Так прошло два дня — скорее тяжкой муки, чем работы. За эти дни Яць постарел лет на десять, сгорбился, поседел, лицо и лоб покрылись морщинами. Только серые глаза пылали живым огнём, а энергия его не то что не ослабла, но с каждым днём всё более усиливалась. Сон почти совсем его оставил: разве днём, утомлённый тяжёлой работой, задремлет на минуту. Ночи были для него ещё худшей мукой, чем дни.
И вдруг третий день принёс ему несчастье, которого меньше всего он мог ожидать. В самый полдень, когда Яць только что пообедал с детьми, а шуриниха расстилала на полу солому, чтобы он мог на ней немного заснуть, открылись двери, и в хату, как гром среди ясного неба, влетел шурин-пьяница.
— А, всё-таки застаю свою женушку! — крикнул он и, не говоря больше ни слова, ударил остолбеневшую женщину кулаком в лицо так сильно, что, обливаясь кровью, она повалилась на пол.
Целых полчаса бушевала буря в Яцевой хате. Слышался стук ударов, крик и плач детей, стон женщины, грохот разбиваемой и дробимой посуды и шум Яця. Досталось и самому Яцю, хоть надо сказать, что он смело вступил в драку и нанёс шурину несколько таких метких тумаков, что весьма остудил его воинственный пыл.
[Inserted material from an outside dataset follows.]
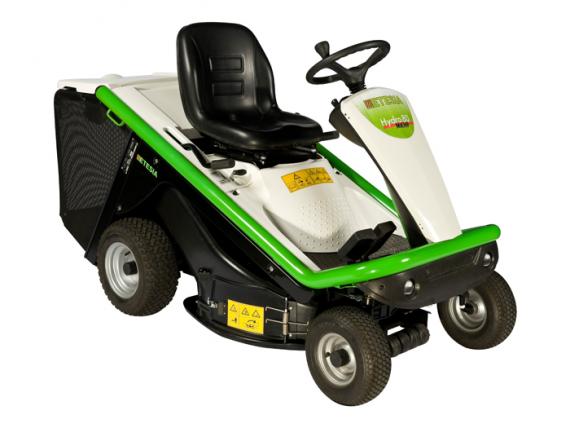 Tracteur tondeuse autoportée Hydro 80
Полчаса длилась баталия, а потом началась печальная рейтерада: шуриниха с детьми и со всем своим недавно принесённым имуществом покинула гостеприимные пороги Яцевой хаты. Её муж, проклиная и выкрикивая, плёлся позади этого плачущего, избитого и окровавленного шествия. Яць остался один в хате, без сил, без средств, без надежды. Что это было? Откуда налетела эта буря? Было ли это страшным сном или горькой правдой? Не знал. Чувствовал только, что в голове шумело и глаза темнели, ощущал глухую, упорную боль во всём теле; сознание мутилось. Сам не помнил, когда и как запер хату и заснул на соломе, расстеленной посреди избы.
Пробудился уже на рассвете. Светало. Серые пятна оконечек вырисовывались из сумерек, лежавших в хате. Яць сразу вскочил на ноги, встал и начал собирать в кучу рассеянные мысли, чтобы вспомнить, что с ним и что ему делать.
Первая его мысль была: надо пойти поглядеть, может, что есть в яме. Уже потянулся к жердке, чтобы снять тулуп, когда вдруг внезапная вспышка памяти сразу осветила ему всё его нынешнее положение.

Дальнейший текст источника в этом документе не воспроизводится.